En attendant l’échéance de juil­let 2011, la gauche se rassure comme elle peut. Toujours aussi divisée, elle parie sur le rejet national du gouver­nement en place. Feignant l’unité, le parti socialiste s’est laissé précipi­ter par les annonces de candidature (Manuel Valls, puis Ségolène Royal, Arnaud Montebourg et François Hollande) et a rendu public un pro­jet programmatique, somme toute très consensuel. La rue de Solferino va rapidement devoir s’unir derrière une figure tutélaire pour donner rai­son aux sondages favorables.

Campagne violente

La campagne qui s’ouvre promet, à l’ère de l’ultra­communication, d’être sans concession, violente et passion­née. La famille de DSK le sait et ne s’est pas cachée de le mettre en garde. 

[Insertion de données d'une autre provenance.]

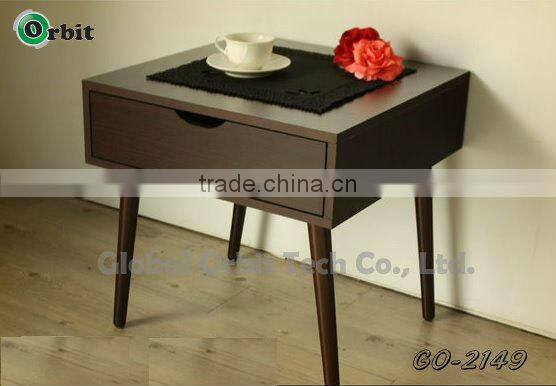 Modern new design corner table wood living room cabinet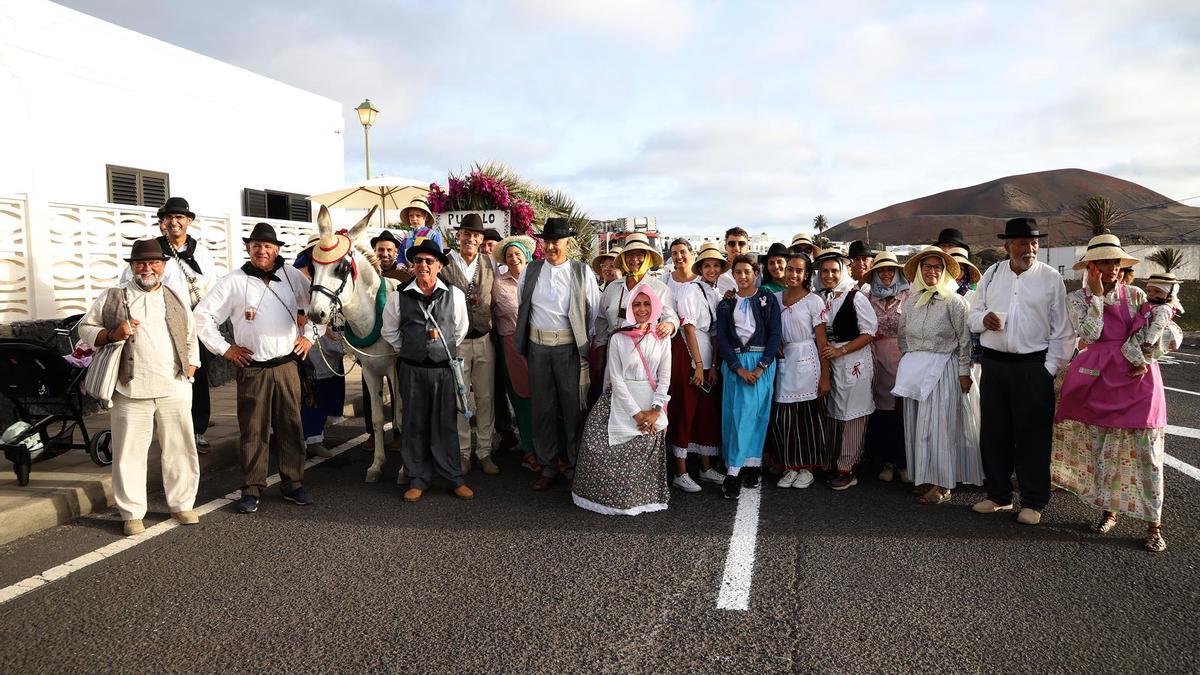 Romeros del municipoi de Tías en Mancha Blanca el pasado sábado.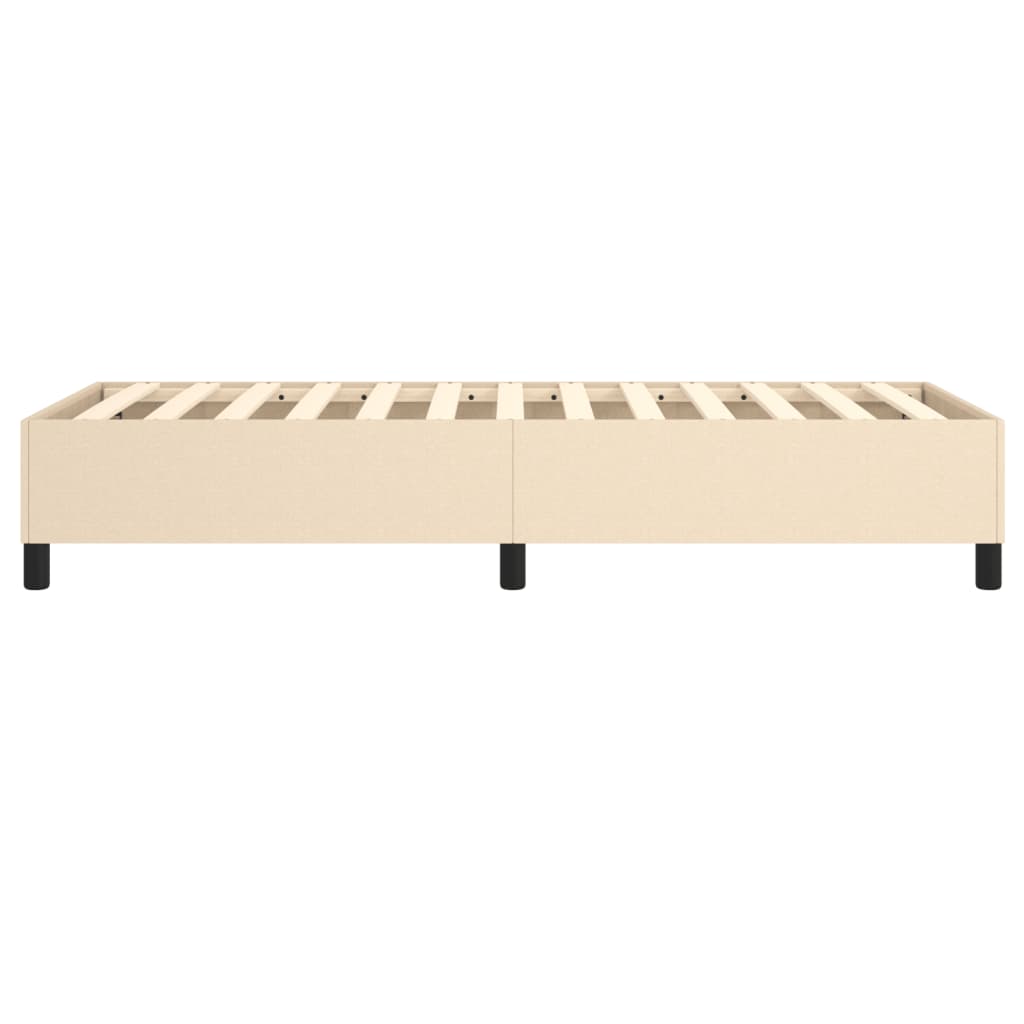 Estrutura de cama tecido 100x200 cm cor creme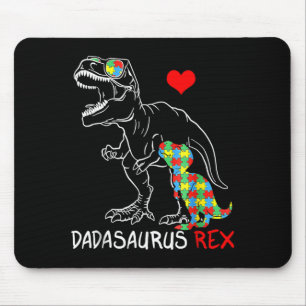 Dadasaurus Rex Au Bewusstsein Stolz Vater Vatertag Mousepad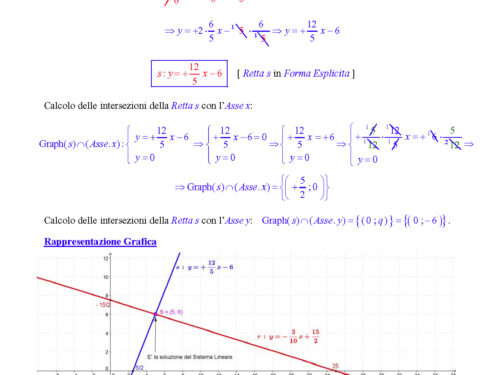 Sistemi Lineari Risolti con il Metodo di Cramer  (116)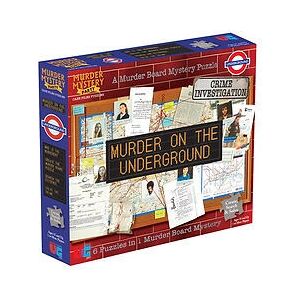 University Games Murder on the Underground - Detective Board Game University Games Murder on the Underground - Detective Board Game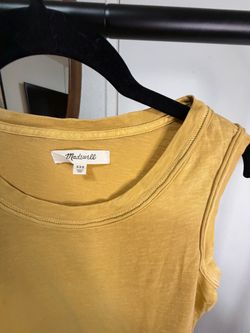 Madewell Mustard Yellow Tank Top XXS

Devenu un « voyageur de commerce », Dominique Strauss­Kahn va devoir quitter le FMI, un lieu où il est pour­tant quasi assuré d’être réélu. À lui d’affronter tout de suite les éléphants de son parti  : Ségolène Royal qu’il méprise, mais qui l’a battu aux dernières primaires, François Hollande, Arnaud Mon­tebourg et Martine Aubry selon un calendrier qu’il n’a pu changer, signe d’une candidature implicite et promise depuis longtemps. Impatiemment, toute la classe politique attend les futurs débats opposant DSK à Nicolas Sarkozy, à l’image des réparties cinglantes échangées dans l’émission « Mots croisés » d’Arlette Chabot, le 18 mars 2002. Atterré par l’attitude du socia­liste qui l’autorise par un  « continuez, continuez », Nicolas Sarkozy rétorque d’un mouvement d’épaule  : « Pardon, mais on n’est pas à l’université. Excusez-moi, mais le “continuez, continuez”, merci, merci Monsieur le professeur ». DSK lui rétorque aus­sitôt  : « Si vous étiez mon élève vous n’auriez pas fait cette erreur ».